▶ _What to produce_
While leaving the pictures out, set down only the lines from the one with "Money Tree Plant" through the end of the records, exactly as they stand.

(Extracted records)
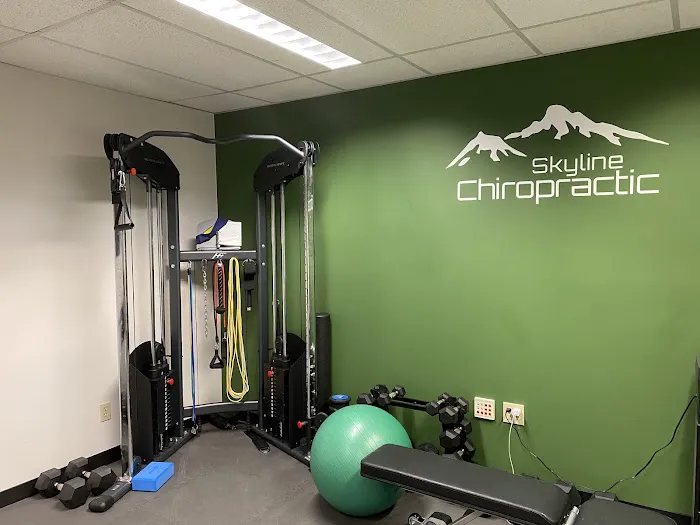 Skyline Chiropractic L.L.C. - Portland Chiropractic Care Picture 4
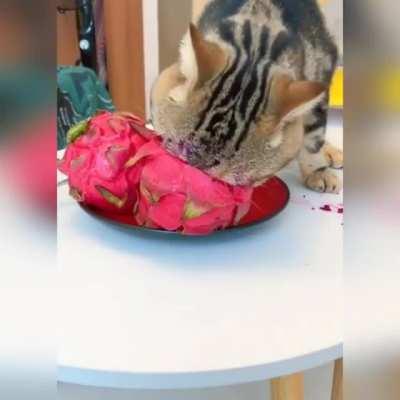 Eternally hungry cat 😋🤣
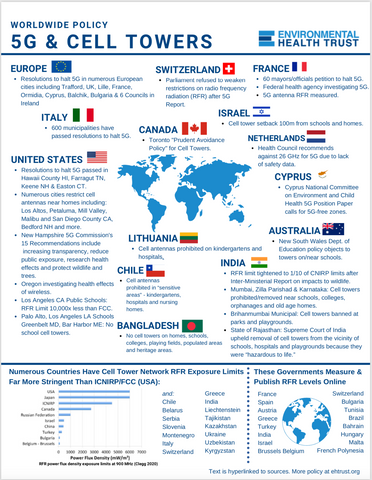 Flyer to Show City's How Bad America's Laws Are About Cell Towers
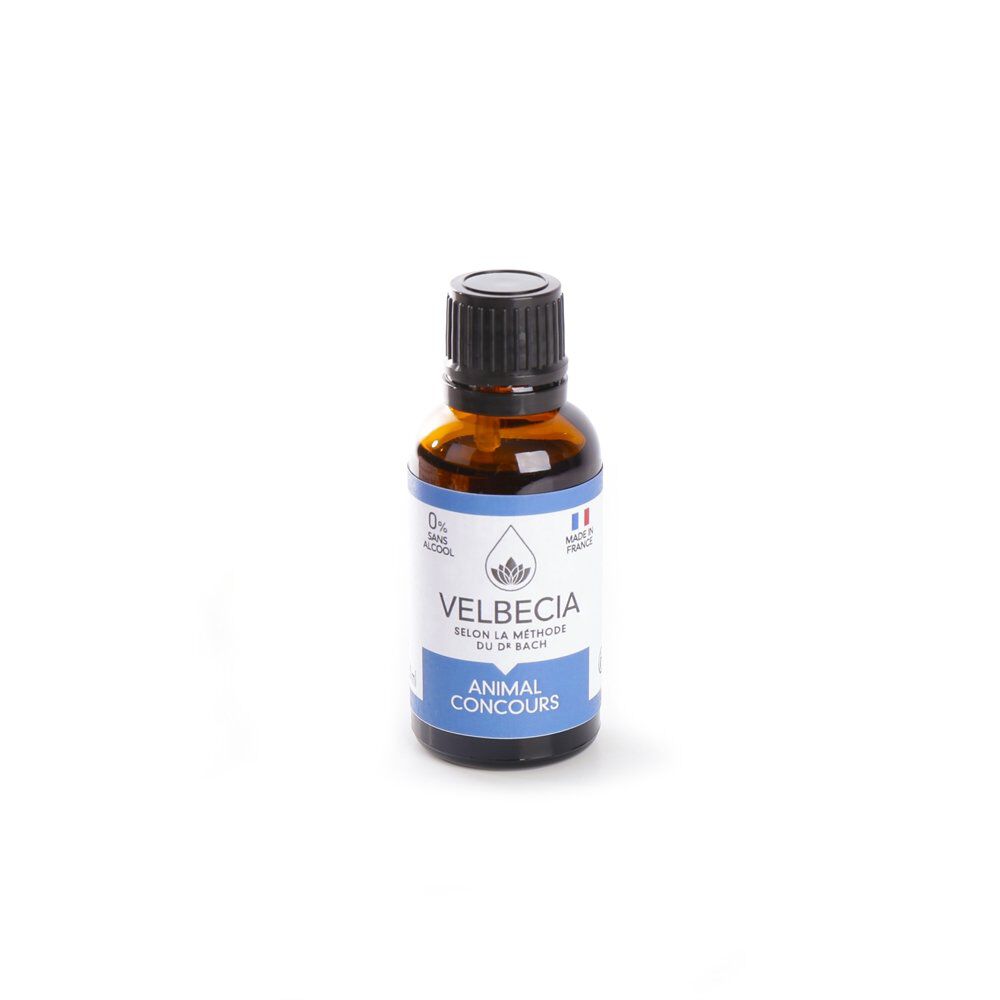 Velbecia - Fleur de Bach Comp&eacute;tition pour Chiens et Chats - 30ml Image num&eacute;ro 1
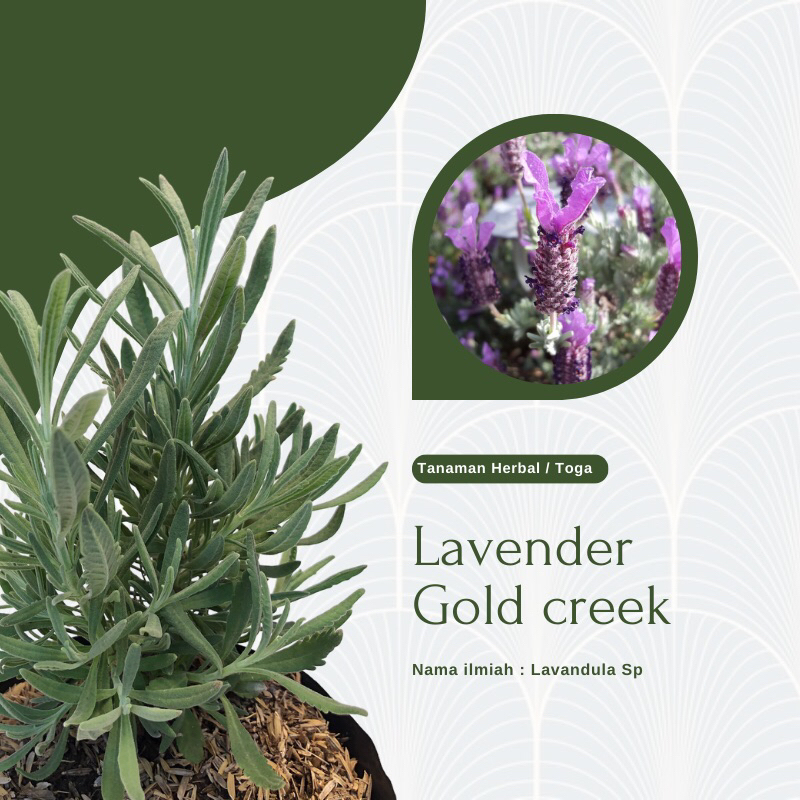 Tanaman Herbal Lavender Asli Gold Creek / Lavendula Angustifolia / English Lavender
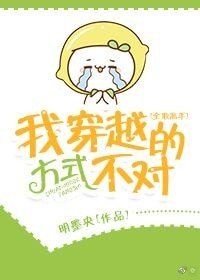 《(BG/全职高手同人)我穿越的方式不对》
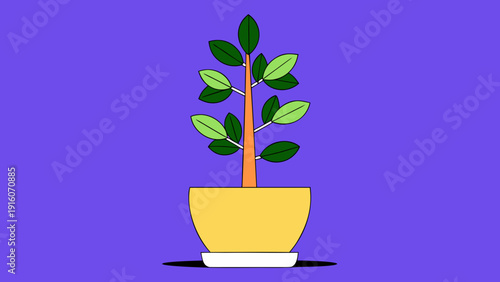 Stunning houseplant in vibrant yellow pot on purple background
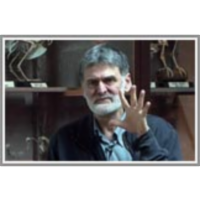 Šakali v Sloveniji icon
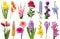 Spring collection of flowers crocosmia, iris, eremurus, bell, phlox, tulip, crocus, daffodil, gladiolus, gerbera, delphinium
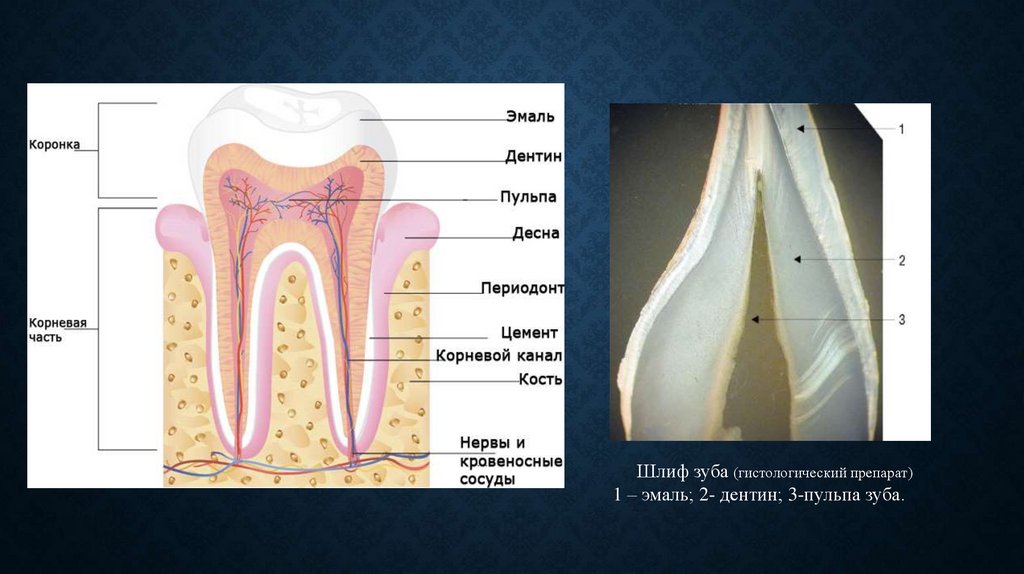 В чем особенность строения дентина какую. Строение зуба эмаль дентин пульпа. Коронка зуба эмаль дентин. Эмаль пульпа зуба гистология. Функции эмали дентина и пульпы.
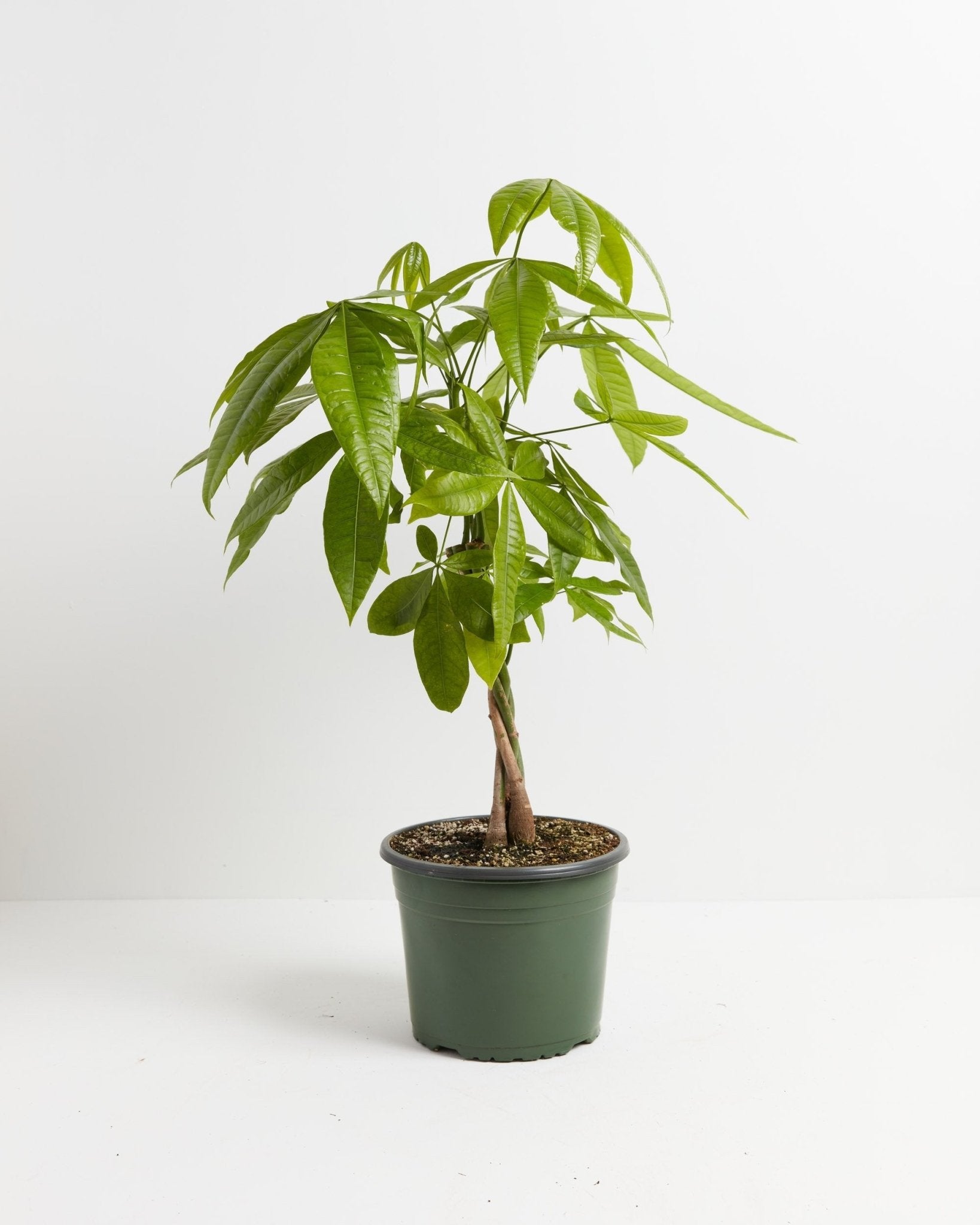 Money Tree Plant - Indoor Plants - PL_MT_4IN1 - Varnish + Vine - 11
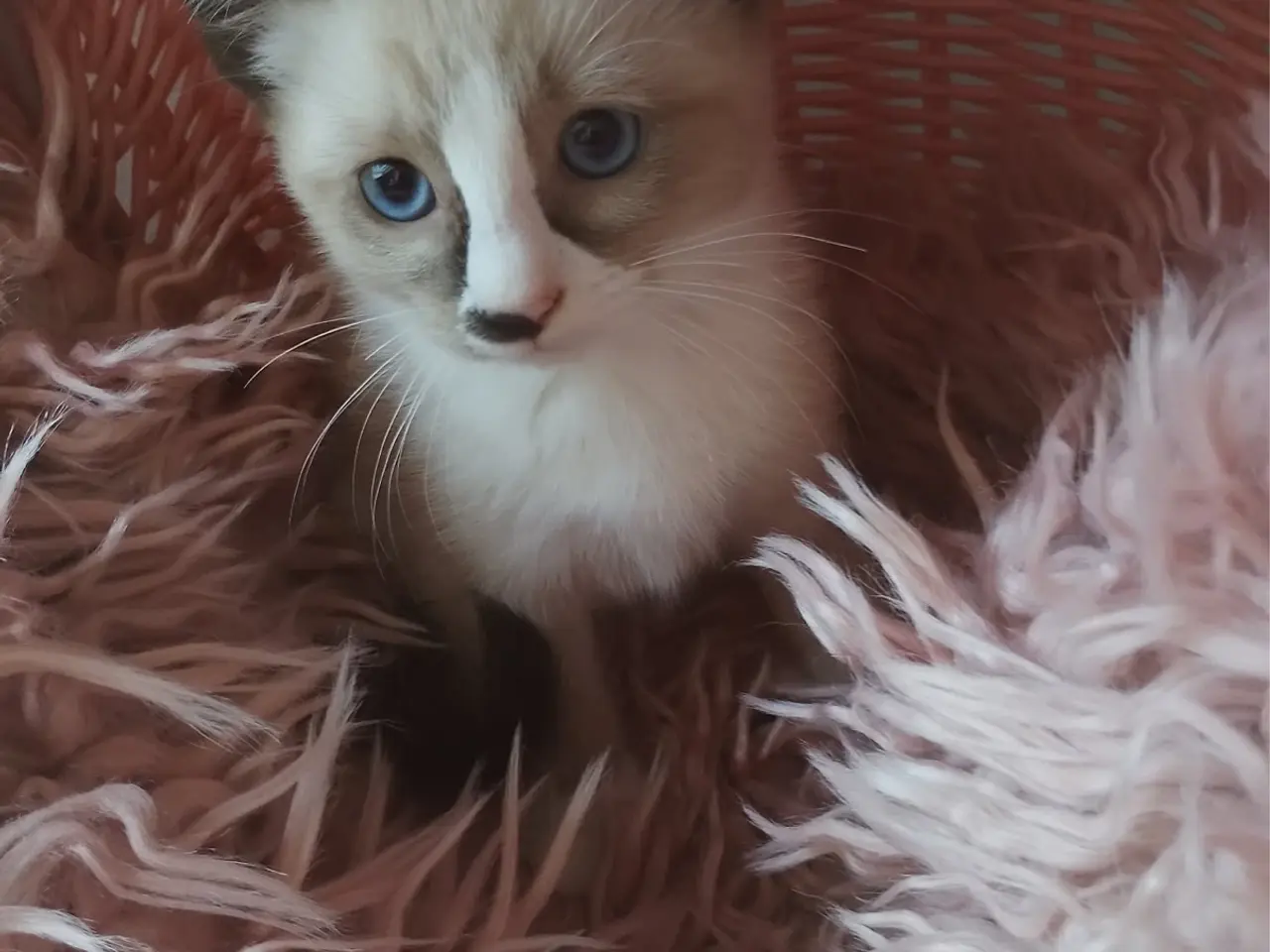 Billede 4 - Lækre ragdoll-siameser-HB blandings killinger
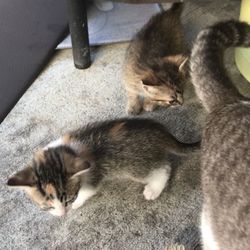 Regalos 2 Gatos 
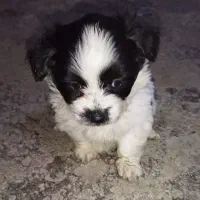 پاکوتاه پشمالو شیتزو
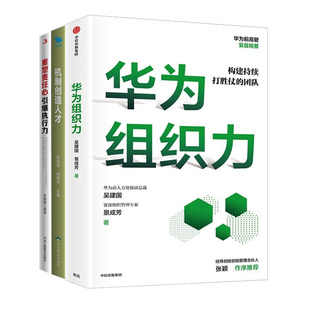 引爆执行力 企业组织管理组织架构 机制创造人 构建持续打胜仗 重塑责任心 团队3本套：华为组织力 正版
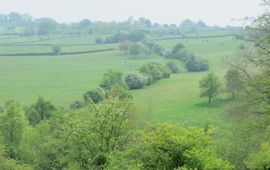 Een groen heuvellandschap in Zuid-Limburg met landbouwgrond en natuurlijke elementen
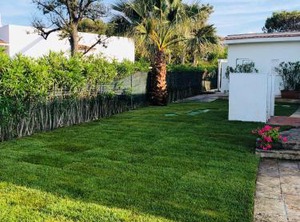 Villa Sul Mare Rosa Marina | Rosa Marina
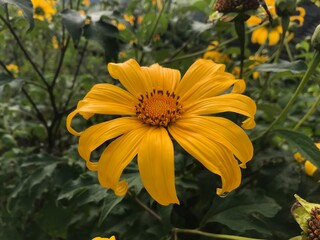yellow flower in the garden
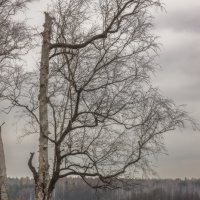 У озера :: Michel 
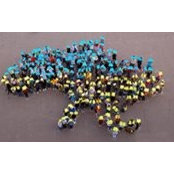 Anna Evtushenko's photo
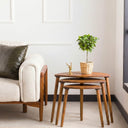 Nesting Coffee Table Set. 4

▶ _Response below_
 Money Tree Plant - Indoor Plants - PL_MT_4IN1 - Varnish + Vine - 11
 Billede 4 - Lækre ragdoll-siameser-HB blandings killinger
 Regalos 2 Gatos 
 پاکوتاه پشمالو شیتزو
 引爆执行力 企业组织管理组织架构 机制创造人 构建持续打胜仗 重塑责任心 团队3本套：华为组织力 正版
 Een groen heuvellandschap in Zuid-Limburg met landbouwgrond en natuurlijke elementen
 Villa Sul Mare Rosa Marina | Rosa Marina
yellow flower in the garden
 У озера :: Michel 
 Anna Evtushenko's photo
 Nesting Coffee Table Set. 4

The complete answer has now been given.